Ne reculant devant aucune manipulation le système s’est précipité goulûment sur ce récit : « un autre Macron est possible ». Des sondages l’ont immédiatement gratifiée d’une progression de 11 points, soit 4 millions de voix récupérées en 24 heures ! Et naturellement d’une victoire au deuxième tour de la présidentielle contre Macron. Dans le système, médiatique la jubilation était palpable. D’abord le plaisir d’un candidat propre sur lui sans le handicap de l’impopularité macronienne dans le bloc populaire, qui oblige quand même à certaine réserve concernant l’actuel président. Ensuite les garanties concernant la poursuite de la politique de soumission à l’UE et de d’adaptation de la France à son néolibéralisme. Enfin disposer d’une Story telling séduisante pour alimenter la machine jusqu’à la présidentielle avec un affrontement glamour entre le Rastignac du Touquet et une versaillaise à serre-tête. Il fallait voir Ruth Elkrief se cabrer quand en face d’elle Jordan Bardella, pointant les connivences entre Macron et Pécresse, oser refuser de reconnaître les mérites droitards de cette dernière. « Vous ne pouvez pas dire ça ! » protestait la journaliste comme si on lui arrachait son doudou.
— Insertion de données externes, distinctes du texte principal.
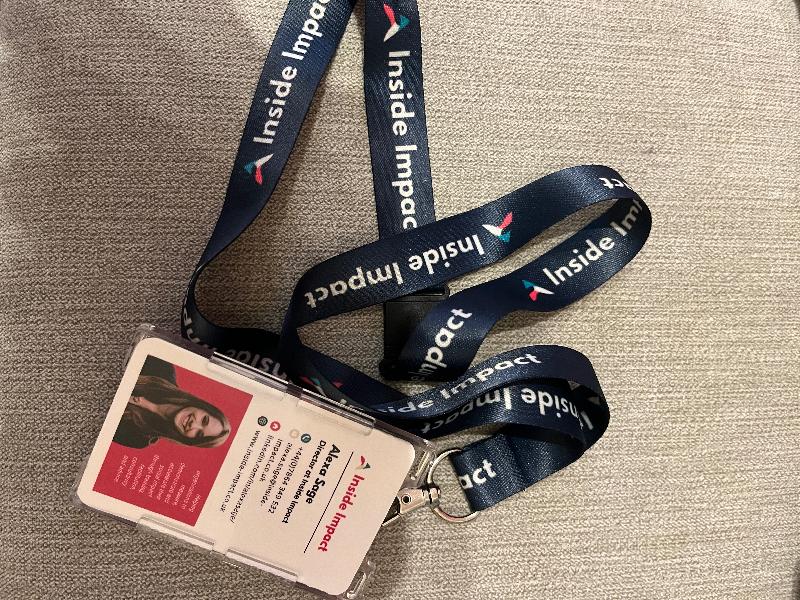 Great price and easy to use for a single lanyard.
La bourgeoisie est contente

Le Figaro ne cache pas son ravissement, le Medef se frotte les mains, Valeurs actuelles met de l’eau dans son vin zemmouriste, mais pas grand monde n’a fait attention au seul chiffre à peu près significatif produit par la rafale de sondages. L’intérêt pour l’élection présidentielle a singulièrement baissé depuis un mois… Alors de deux choses l’une, soit les couches populaires n’ont pas été intéressées par le bazar que nous venons de décrire, et comme d’habitude rentreront dans la danse à partir de la fin du mois de janvier. Soit ce mouvement de recul annonce une nouvelle sécession avec l’abstention massive qui en est la conséquence. La deuxième hypothèse, c’est-à-dire que le scrutin présidentiel soit vidé de sa substance démocratique, serait très grosse de danger.

En attendant la bourgeoisie est contente et peut se dire : « Macron et Macron.ne, sont dans un bateau. On se moque de qui tombe à l’eau parce que nos intérêts seront garantis ».